Look below for the line that contains "Cute Cartoon Rose", then copy it and each following line exactly, through and including the line that contains "Satrani Ethnic Motifs".

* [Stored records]
######

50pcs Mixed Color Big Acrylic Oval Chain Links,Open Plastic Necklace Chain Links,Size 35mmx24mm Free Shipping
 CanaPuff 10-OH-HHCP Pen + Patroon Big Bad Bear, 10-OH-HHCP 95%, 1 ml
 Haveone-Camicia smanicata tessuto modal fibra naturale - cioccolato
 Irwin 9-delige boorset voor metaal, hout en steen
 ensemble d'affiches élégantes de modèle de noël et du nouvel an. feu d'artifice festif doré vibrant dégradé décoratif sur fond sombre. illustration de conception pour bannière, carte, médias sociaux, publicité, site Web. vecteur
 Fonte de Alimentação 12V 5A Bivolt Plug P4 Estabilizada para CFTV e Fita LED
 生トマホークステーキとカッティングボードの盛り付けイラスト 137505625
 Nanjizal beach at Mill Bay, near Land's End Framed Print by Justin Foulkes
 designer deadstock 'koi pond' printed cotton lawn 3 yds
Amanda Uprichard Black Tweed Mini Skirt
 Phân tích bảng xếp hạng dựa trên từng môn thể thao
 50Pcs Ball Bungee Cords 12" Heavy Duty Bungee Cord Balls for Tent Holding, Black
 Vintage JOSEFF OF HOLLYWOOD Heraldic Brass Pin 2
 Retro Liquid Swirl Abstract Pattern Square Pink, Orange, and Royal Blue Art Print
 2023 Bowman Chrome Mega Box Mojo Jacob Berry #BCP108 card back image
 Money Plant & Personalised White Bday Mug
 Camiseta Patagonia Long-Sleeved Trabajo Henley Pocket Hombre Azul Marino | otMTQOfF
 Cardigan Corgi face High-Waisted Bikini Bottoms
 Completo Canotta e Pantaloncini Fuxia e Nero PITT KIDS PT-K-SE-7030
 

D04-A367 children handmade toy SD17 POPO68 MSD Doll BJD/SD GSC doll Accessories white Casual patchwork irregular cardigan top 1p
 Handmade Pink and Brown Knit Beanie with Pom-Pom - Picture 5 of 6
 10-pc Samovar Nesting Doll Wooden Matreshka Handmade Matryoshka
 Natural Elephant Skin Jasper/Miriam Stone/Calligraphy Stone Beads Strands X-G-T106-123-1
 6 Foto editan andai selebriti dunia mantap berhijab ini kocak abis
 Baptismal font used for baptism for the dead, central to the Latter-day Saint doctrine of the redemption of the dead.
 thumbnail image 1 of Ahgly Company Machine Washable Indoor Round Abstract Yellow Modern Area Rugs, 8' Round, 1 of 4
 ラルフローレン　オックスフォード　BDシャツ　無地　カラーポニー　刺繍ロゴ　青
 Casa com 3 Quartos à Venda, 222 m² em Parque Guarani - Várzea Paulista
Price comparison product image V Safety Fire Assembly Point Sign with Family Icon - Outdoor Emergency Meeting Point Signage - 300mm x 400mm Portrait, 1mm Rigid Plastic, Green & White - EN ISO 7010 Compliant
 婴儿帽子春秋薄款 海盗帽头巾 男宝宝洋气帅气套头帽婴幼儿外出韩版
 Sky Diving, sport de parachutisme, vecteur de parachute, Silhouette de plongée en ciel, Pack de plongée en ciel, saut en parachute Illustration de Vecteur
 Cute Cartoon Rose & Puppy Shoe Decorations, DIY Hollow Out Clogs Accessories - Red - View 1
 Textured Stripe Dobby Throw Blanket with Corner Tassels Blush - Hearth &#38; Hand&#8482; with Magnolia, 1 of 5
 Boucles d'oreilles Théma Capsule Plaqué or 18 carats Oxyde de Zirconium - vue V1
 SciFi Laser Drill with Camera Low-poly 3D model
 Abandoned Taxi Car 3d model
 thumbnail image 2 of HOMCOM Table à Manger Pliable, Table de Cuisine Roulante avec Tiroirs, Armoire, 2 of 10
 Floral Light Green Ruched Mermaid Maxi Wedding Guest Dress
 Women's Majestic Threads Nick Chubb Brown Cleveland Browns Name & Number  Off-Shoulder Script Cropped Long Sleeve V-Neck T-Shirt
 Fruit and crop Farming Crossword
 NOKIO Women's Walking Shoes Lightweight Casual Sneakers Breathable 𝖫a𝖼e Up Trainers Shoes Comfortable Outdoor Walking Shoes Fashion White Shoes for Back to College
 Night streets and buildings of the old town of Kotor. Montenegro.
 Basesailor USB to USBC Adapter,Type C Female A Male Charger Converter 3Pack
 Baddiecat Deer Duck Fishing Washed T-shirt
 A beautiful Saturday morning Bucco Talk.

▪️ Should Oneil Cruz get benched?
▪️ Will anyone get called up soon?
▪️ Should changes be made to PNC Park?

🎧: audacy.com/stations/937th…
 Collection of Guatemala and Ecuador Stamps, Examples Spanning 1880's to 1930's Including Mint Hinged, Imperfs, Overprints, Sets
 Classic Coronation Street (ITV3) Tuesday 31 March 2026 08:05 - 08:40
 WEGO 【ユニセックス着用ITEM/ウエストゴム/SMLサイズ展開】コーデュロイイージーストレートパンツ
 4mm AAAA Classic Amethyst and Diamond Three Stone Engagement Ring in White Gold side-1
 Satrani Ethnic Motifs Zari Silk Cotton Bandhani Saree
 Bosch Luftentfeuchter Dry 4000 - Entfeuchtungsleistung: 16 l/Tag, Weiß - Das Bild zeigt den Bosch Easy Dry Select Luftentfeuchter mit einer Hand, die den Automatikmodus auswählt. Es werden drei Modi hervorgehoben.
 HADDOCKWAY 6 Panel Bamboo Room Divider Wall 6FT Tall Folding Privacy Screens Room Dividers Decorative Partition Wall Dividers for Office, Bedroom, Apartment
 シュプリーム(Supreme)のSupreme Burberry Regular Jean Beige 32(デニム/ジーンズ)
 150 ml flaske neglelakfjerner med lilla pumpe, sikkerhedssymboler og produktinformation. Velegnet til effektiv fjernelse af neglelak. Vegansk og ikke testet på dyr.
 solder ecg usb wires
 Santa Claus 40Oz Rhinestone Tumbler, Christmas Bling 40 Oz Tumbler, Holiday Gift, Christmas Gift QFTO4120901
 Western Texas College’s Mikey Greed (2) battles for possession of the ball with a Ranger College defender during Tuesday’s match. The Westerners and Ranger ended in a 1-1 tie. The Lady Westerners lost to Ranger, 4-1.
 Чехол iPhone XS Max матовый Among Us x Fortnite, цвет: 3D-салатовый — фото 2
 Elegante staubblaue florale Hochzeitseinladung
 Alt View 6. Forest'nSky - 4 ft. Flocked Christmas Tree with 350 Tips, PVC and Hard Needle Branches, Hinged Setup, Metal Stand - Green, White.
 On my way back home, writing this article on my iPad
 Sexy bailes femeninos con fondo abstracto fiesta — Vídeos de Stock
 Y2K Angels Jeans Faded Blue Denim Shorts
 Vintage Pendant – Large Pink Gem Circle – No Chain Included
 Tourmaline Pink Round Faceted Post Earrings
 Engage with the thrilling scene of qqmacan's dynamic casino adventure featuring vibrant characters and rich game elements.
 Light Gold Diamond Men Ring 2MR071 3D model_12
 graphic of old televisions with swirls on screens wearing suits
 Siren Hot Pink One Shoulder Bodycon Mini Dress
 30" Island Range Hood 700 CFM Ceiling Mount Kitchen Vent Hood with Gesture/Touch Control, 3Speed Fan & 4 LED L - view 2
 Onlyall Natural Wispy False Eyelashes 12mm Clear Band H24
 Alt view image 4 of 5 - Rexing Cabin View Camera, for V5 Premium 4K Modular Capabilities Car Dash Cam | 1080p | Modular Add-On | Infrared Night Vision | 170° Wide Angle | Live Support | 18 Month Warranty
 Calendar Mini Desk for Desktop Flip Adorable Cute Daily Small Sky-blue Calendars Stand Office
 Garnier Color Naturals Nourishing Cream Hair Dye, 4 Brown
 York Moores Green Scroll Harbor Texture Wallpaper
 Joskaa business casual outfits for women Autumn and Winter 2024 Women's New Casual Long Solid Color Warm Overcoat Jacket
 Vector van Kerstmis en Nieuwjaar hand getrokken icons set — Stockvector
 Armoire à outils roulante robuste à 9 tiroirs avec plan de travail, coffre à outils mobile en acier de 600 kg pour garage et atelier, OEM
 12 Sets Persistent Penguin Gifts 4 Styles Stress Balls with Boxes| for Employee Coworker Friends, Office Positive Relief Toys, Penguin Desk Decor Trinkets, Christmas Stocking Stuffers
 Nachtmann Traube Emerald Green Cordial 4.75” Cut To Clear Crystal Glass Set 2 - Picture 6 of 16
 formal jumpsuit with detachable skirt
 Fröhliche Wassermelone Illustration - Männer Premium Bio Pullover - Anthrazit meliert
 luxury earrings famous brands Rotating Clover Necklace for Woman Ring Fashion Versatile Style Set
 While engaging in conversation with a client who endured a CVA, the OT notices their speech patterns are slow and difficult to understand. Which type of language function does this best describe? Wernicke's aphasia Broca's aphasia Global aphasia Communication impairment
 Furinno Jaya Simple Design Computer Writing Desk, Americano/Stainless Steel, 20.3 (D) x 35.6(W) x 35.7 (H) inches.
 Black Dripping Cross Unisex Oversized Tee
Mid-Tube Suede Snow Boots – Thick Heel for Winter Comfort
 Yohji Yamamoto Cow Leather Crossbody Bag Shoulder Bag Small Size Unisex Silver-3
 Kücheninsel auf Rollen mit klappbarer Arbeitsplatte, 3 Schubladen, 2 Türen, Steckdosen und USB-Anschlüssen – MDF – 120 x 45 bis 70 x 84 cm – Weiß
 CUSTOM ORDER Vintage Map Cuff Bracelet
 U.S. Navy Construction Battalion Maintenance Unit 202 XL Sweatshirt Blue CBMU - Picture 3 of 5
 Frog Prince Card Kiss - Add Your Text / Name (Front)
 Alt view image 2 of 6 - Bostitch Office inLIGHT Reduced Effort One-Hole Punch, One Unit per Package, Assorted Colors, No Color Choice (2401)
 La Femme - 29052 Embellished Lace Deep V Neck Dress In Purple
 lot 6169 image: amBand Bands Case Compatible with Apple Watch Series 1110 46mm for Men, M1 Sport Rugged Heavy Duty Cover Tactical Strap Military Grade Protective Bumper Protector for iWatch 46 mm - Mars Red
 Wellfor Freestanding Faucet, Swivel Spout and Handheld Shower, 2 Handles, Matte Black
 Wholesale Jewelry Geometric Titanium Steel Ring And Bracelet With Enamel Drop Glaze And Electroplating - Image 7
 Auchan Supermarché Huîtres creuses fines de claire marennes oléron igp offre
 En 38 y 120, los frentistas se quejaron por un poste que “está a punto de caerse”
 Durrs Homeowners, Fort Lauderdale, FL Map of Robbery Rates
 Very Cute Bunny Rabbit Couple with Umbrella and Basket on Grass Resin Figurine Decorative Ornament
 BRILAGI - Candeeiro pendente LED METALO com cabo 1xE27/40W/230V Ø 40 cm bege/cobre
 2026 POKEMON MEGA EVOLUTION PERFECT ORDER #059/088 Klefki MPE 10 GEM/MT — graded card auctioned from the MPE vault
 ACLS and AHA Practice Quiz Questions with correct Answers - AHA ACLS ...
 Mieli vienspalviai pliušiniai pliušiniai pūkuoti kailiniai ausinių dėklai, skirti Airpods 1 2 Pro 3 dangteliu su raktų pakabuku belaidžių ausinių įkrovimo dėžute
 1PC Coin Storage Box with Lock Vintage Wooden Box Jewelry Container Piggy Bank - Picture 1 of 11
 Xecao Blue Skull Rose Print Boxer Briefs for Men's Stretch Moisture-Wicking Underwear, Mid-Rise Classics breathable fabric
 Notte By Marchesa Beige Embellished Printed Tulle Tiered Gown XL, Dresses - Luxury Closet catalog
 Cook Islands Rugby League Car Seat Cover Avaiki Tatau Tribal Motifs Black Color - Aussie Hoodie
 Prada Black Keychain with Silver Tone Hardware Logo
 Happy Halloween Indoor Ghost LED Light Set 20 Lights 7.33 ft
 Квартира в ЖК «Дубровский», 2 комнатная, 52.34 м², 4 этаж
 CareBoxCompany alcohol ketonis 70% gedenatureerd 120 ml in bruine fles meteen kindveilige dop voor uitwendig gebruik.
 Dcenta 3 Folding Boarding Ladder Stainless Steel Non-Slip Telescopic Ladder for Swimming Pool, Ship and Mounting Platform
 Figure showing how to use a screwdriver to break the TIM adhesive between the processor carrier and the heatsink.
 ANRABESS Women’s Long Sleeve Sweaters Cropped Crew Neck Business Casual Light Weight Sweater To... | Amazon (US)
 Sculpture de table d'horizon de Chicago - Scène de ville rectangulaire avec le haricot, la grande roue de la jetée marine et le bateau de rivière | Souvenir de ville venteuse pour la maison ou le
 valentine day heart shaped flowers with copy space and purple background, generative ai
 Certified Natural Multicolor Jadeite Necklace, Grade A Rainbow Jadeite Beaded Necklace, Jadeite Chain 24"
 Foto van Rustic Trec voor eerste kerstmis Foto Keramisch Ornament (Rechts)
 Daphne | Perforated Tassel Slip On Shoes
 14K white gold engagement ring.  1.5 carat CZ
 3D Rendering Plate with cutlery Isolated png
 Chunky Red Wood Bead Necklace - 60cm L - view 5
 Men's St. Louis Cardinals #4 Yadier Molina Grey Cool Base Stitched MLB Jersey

######

* [Response to this task]
 Cute Cartoon Rose & Puppy Shoe Decorations, DIY Hollow Out Clogs Accessories - Red - View 1
 Textured Stripe Dobby Throw Blanket with Corner Tassels Blush - Hearth &#38; Hand&#8482; with Magnolia, 1 of 5
 Boucles d'oreilles Théma Capsule Plaqué or 18 carats Oxyde de Zirconium - vue V1
 SciFi Laser Drill with Camera Low-poly 3D model
 Abandoned Taxi Car 3d model
 thumbnail image 2 of HOMCOM Table à Manger Pliable, Table de Cuisine Roulante avec Tiroirs, Armoire, 2 of 10
 Floral Light Green Ruched Mermaid Maxi Wedding Guest Dress
 Women's Majestic Threads Nick Chubb Brown Cleveland Browns Name & Number  Off-Shoulder Script Cropped Long Sleeve V-Neck T-Shirt
 Fruit and crop Farming Crossword
 NOKIO Women's Walking Shoes Lightweight Casual Sneakers Breathable 𝖫a𝖼e Up Trainers Shoes Comfortable Outdoor Walking Shoes Fashion White Shoes for Back to College
 Night streets and buildings of the old town of Kotor. Montenegro.
 Basesailor USB to USBC Adapter,Type C Female A Male Charger Converter 3Pack
 Baddiecat Deer Duck Fishing Washed T-shirt
 A beautiful Saturday morning Bucco Talk.

▪️ Should Oneil Cruz get benched?
▪️ Will anyone get called up soon?
▪️ Should changes be made to PNC Park?

🎧: audacy.com/stations/937th…
 Collection of Guatemala and Ecuador Stamps, Examples Spanning 1880's to 1930's Including Mint Hinged, Imperfs, Overprints, Sets
 Classic Coronation Street (ITV3) Tuesday 31 March 2026 08:05 - 08:40
 WEGO 【ユニセックス着用ITEM/ウエストゴム/SMLサイズ展開】コーデュロイイージーストレートパンツ
 4mm AAAA Classic Amethyst and Diamond Three Stone Engagement Ring in White Gold side-1
 Satrani Ethnic Motifs Zari Silk Cotton Bandhani Saree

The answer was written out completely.